**Material for this exercise**
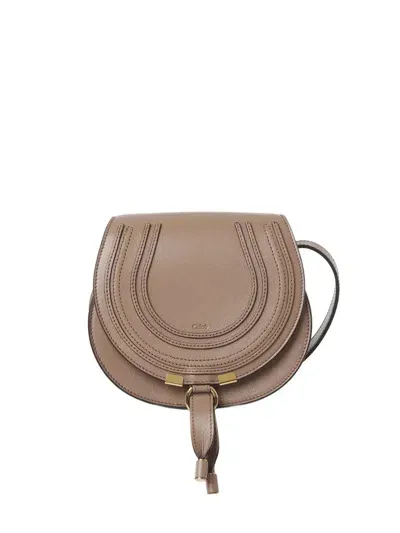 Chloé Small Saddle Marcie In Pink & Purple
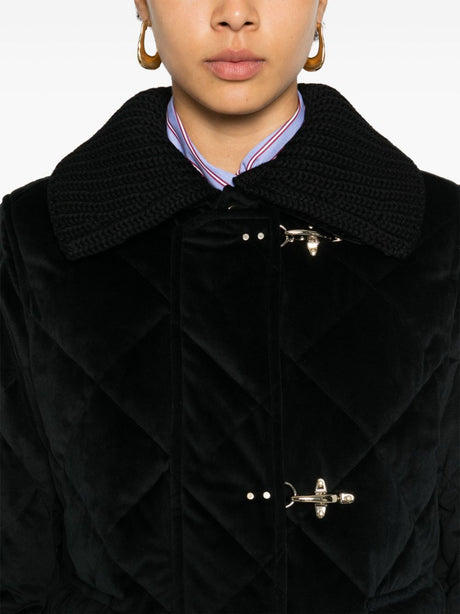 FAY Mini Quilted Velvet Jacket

==

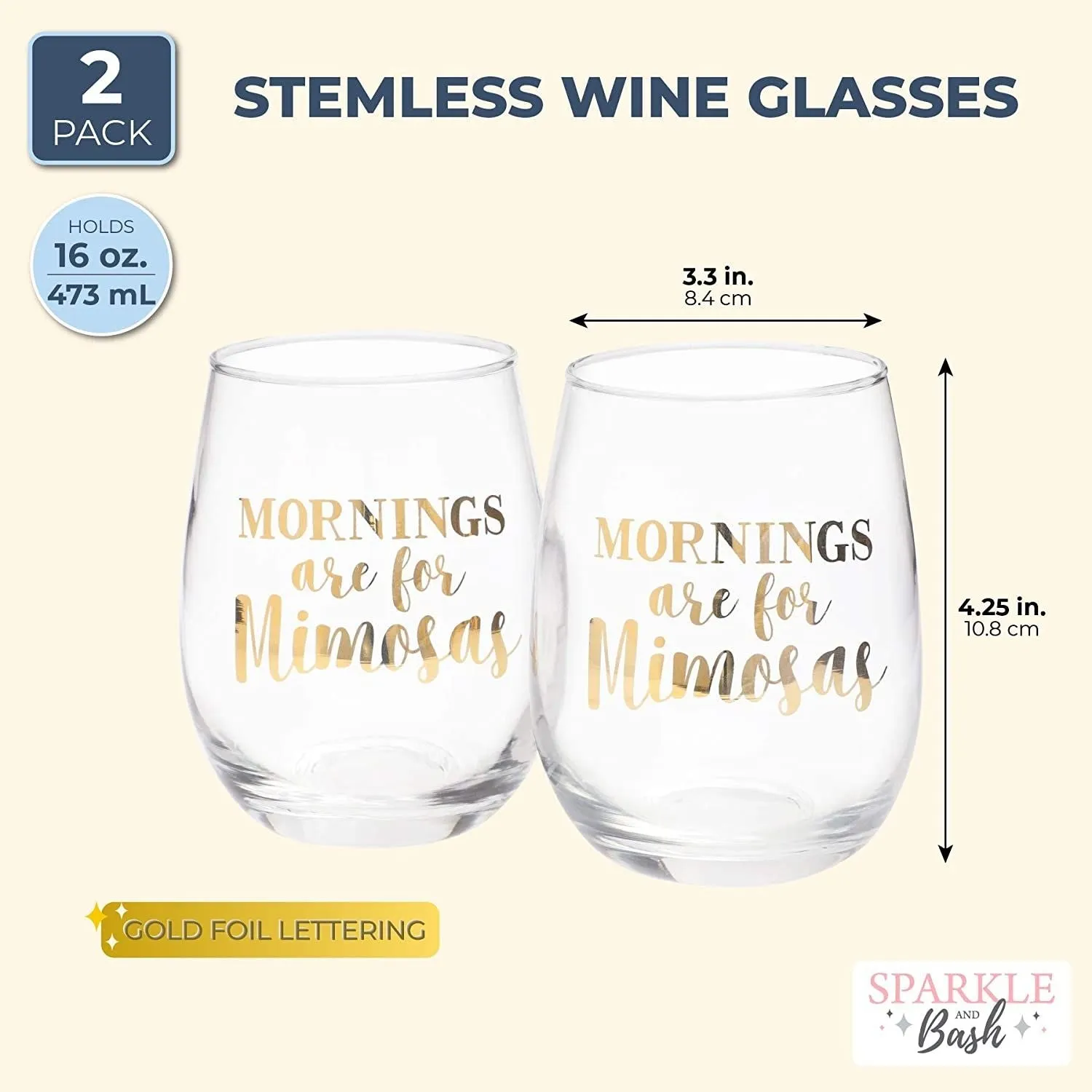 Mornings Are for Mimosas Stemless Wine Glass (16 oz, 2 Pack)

**Work order**
Using the data above, retype exactly and only the lines from the one containing "Chloé Small Saddle Marcie In Pink & Purple" up to and including the one containing "FAY Mini Quilted Velvet Jacket", with no pictures carried over.

**Answer to this exercise**
 Chloé Small Saddle Marcie In Pink & Purple
 FAY Mini Quilted Velvet Jacket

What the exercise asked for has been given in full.